Addressing these challenges or teething problems are the reason meetings like AEC are so important. They give space for dialogue and input from practitioners, policy makers and researchers to discuss ways out of these hurdles.
What do you expect to see from this year's AEC?
I expect the remaining countries that have not signed the African Continental Free Trade Areato do so speedily - especially Nigeria, the continent's largest economy
We need to foster greater alignment between regional economic communities and member countries. The goal is greater inclusion and policy convergence within RECs, but also better coordination between RECs and member countries.
The African Development Bank continues to support the continent's integration agenda and has made Integrate Africa one of its High 5s operational priorities. The Bank's strategic framework for economic integration approved in March 2018 focuses on three pillars: infrastructure connections, trade and investment promotion, and financial integration.
Under this framework, the Bank aims to step up investments in cross-border infrastructure to unlock regional trade and create economic opportunities for communities along the transport corridors.
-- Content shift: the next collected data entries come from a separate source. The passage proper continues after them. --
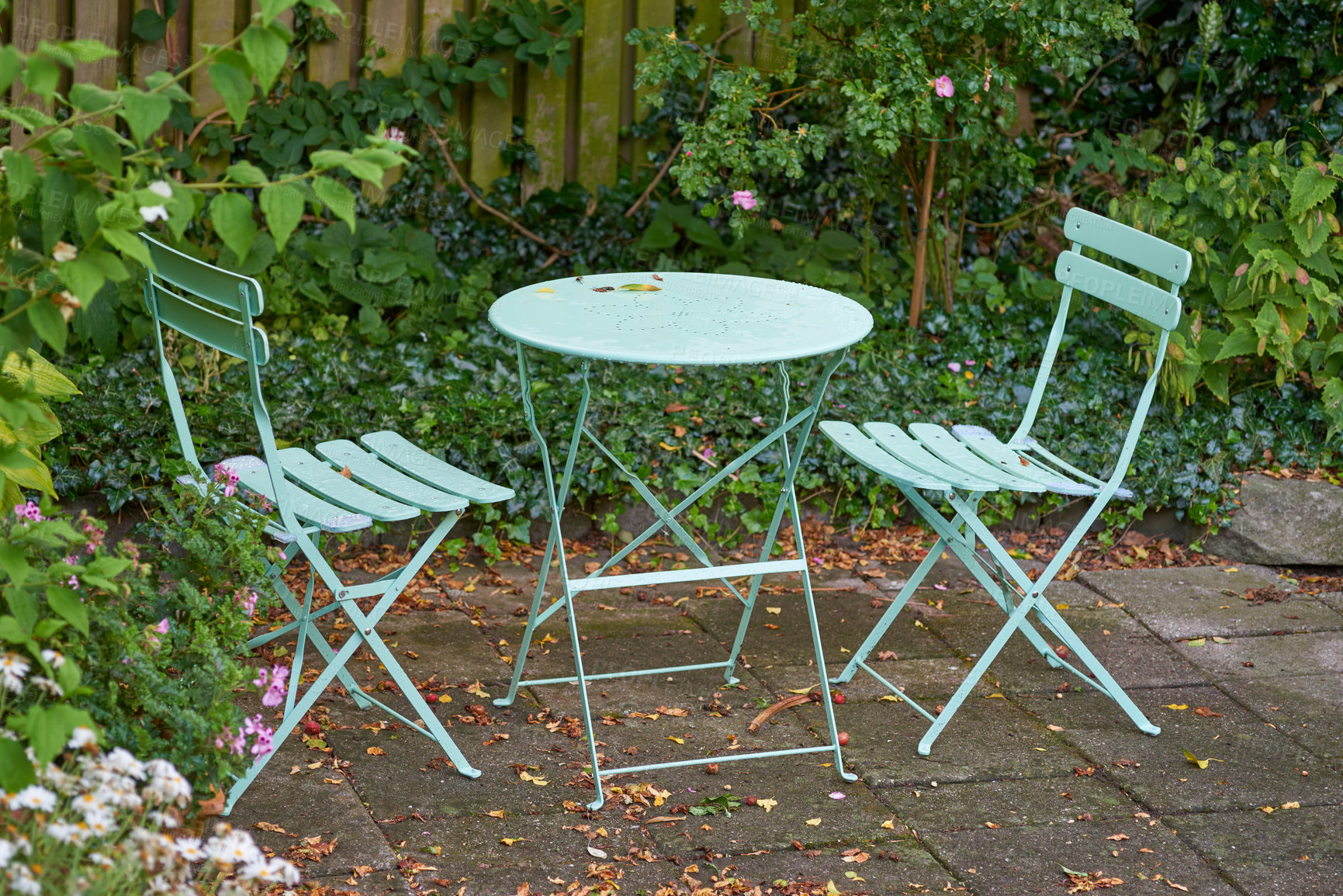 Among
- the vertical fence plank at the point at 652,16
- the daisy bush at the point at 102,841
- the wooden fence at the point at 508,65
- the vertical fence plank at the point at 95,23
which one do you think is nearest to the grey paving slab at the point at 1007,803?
the daisy bush at the point at 102,841

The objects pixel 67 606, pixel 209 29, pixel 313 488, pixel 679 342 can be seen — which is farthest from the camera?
pixel 209 29

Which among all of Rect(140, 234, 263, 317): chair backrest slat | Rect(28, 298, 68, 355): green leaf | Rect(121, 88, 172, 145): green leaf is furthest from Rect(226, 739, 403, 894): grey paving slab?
Rect(121, 88, 172, 145): green leaf

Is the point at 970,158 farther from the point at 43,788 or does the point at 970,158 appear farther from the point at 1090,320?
the point at 43,788

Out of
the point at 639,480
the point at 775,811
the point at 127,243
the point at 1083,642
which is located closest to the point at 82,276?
the point at 127,243

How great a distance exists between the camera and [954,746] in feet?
10.4

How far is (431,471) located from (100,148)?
1341mm

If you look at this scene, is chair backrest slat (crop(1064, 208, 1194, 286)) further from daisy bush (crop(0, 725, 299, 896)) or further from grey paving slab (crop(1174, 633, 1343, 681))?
daisy bush (crop(0, 725, 299, 896))

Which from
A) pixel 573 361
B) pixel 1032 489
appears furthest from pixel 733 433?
pixel 1032 489

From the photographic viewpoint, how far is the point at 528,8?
224 inches

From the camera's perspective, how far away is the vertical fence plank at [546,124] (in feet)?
19.3

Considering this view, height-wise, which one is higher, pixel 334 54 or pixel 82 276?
pixel 334 54

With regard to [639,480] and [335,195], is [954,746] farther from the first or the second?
[335,195]

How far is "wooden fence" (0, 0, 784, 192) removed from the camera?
528 centimetres

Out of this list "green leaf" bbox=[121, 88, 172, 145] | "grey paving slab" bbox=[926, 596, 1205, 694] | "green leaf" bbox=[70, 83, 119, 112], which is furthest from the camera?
"grey paving slab" bbox=[926, 596, 1205, 694] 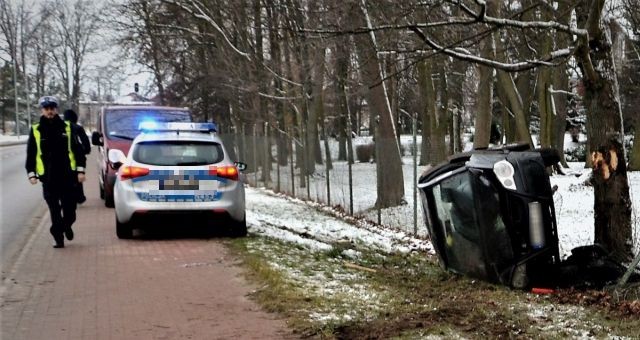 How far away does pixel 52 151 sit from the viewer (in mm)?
8828

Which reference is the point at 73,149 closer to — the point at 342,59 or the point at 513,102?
the point at 342,59

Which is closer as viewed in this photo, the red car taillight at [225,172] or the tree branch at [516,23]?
the tree branch at [516,23]

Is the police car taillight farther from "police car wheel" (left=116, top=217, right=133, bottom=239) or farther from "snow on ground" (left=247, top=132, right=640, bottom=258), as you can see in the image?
"snow on ground" (left=247, top=132, right=640, bottom=258)

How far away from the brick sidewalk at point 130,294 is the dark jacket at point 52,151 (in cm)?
98

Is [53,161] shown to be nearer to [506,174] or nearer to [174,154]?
[174,154]

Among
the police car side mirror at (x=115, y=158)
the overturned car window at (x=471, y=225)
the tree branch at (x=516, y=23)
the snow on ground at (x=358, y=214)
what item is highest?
the tree branch at (x=516, y=23)

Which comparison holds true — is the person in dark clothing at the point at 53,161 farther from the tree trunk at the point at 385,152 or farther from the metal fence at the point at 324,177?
the tree trunk at the point at 385,152

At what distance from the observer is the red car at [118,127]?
14.8 metres

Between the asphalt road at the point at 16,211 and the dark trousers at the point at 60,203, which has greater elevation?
the dark trousers at the point at 60,203

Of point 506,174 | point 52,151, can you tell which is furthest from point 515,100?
point 506,174

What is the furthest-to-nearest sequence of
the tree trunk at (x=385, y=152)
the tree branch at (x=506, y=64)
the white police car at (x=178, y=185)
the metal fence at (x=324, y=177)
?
the tree trunk at (x=385, y=152) < the metal fence at (x=324, y=177) < the white police car at (x=178, y=185) < the tree branch at (x=506, y=64)

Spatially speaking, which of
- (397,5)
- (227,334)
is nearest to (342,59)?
(397,5)

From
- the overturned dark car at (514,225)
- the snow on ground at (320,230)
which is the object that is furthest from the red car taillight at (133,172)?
the overturned dark car at (514,225)

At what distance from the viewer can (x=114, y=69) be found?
33.3 metres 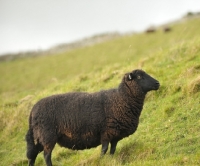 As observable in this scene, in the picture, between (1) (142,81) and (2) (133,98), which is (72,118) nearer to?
(2) (133,98)

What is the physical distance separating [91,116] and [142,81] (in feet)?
5.45

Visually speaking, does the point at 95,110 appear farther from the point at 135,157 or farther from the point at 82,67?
the point at 82,67

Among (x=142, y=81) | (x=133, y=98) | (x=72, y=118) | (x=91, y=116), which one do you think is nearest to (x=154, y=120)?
(x=133, y=98)

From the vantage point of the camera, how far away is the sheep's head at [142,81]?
1049 centimetres

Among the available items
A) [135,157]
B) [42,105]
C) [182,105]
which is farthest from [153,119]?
[42,105]

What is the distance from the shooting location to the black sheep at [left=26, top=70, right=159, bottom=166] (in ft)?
33.8

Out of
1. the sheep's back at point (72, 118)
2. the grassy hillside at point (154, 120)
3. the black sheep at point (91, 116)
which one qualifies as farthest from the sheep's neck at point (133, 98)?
the grassy hillside at point (154, 120)

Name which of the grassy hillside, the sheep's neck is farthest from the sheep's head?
the grassy hillside

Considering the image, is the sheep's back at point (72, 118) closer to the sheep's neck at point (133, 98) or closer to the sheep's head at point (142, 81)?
the sheep's neck at point (133, 98)

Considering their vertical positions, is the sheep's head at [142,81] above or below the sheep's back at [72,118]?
above

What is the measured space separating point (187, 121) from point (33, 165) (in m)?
4.59

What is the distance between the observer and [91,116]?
10375 millimetres

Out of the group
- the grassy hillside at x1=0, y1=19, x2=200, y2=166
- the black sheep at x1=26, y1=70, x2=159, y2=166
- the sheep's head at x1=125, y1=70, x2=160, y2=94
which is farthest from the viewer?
the sheep's head at x1=125, y1=70, x2=160, y2=94

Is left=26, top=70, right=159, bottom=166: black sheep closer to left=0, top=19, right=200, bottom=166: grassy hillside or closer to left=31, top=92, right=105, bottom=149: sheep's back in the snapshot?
left=31, top=92, right=105, bottom=149: sheep's back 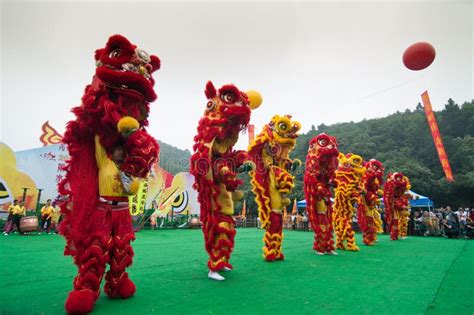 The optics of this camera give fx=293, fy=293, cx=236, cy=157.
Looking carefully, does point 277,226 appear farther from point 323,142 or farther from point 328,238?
point 323,142

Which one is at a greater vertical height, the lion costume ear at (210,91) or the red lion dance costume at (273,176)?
the lion costume ear at (210,91)

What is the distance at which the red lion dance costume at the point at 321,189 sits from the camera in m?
6.13

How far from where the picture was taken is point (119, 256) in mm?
2830

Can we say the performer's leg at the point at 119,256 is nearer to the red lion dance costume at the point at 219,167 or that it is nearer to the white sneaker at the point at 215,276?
the white sneaker at the point at 215,276

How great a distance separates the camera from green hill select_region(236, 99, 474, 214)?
2102cm

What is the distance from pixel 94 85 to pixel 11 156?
13.2 m

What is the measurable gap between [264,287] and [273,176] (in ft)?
7.85

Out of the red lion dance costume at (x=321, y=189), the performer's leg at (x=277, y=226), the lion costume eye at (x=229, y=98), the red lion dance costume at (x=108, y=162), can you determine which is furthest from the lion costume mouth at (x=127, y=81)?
the red lion dance costume at (x=321, y=189)

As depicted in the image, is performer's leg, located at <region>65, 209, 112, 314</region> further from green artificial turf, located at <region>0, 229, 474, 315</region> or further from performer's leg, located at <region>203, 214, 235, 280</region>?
performer's leg, located at <region>203, 214, 235, 280</region>

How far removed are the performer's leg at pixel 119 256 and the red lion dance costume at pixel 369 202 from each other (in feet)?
23.8

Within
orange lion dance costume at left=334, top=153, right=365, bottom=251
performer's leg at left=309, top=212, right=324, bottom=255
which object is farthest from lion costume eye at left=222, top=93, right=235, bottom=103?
orange lion dance costume at left=334, top=153, right=365, bottom=251

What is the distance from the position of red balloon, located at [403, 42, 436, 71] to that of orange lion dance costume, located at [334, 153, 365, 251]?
2.77 meters

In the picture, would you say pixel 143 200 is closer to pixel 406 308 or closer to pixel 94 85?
pixel 94 85

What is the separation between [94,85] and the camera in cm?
298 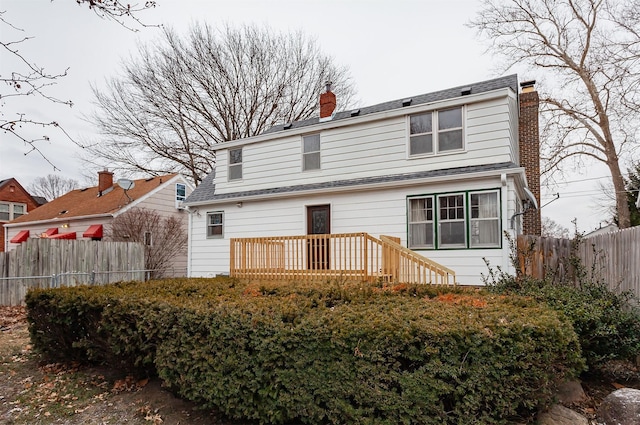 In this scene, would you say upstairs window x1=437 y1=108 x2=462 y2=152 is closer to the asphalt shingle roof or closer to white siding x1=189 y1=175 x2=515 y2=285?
the asphalt shingle roof

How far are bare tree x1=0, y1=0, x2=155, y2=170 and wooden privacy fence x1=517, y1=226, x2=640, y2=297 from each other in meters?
6.30

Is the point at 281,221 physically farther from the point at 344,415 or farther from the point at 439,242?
the point at 344,415

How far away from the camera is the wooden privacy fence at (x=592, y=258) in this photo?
523 centimetres

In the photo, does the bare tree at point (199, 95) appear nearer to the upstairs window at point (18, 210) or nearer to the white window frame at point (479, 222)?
the upstairs window at point (18, 210)

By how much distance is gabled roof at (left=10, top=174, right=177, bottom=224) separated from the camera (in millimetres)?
17484

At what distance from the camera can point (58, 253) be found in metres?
10.8

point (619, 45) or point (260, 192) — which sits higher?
point (619, 45)

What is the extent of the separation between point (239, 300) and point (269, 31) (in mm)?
19400

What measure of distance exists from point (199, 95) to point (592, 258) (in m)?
18.2

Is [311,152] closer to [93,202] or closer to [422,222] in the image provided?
[422,222]

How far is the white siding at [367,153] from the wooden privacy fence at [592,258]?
2805 millimetres

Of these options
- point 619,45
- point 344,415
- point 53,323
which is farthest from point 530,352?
point 619,45

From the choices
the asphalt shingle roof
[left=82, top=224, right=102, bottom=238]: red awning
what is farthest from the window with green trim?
[left=82, top=224, right=102, bottom=238]: red awning

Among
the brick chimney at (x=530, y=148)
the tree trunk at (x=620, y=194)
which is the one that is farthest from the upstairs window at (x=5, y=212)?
the tree trunk at (x=620, y=194) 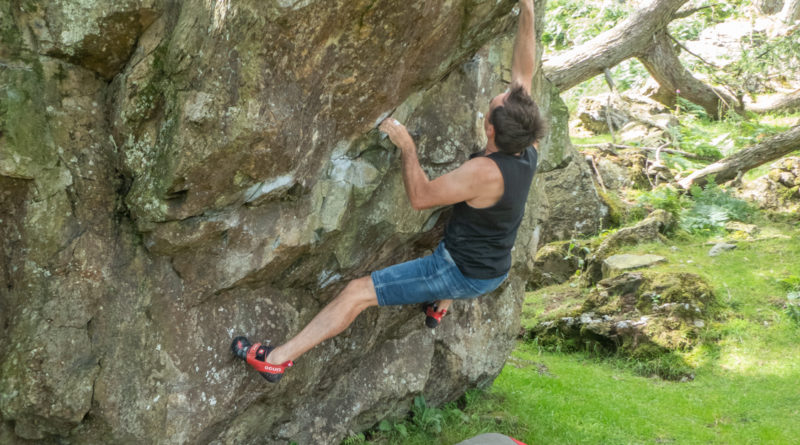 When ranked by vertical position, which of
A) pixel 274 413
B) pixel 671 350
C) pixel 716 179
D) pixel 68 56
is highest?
pixel 68 56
The Bank will be sharing its experience and knowledge with participants at this year's forum, including a key session during which we will launch the third edition of the Africa Visa Openness Index. This flagship report of the Bank tracks changes in country scores over time to show which countries are making improvements that support free movement of people across Africa.
The Index has helped raise awareness and drive visa policy reforms across the continent to ease movement of people unlocking opportunities for intra-African tourism, trade and investment. In so doing, the Bank is directly contributing to the objectives of the AU initiative for a single African passport.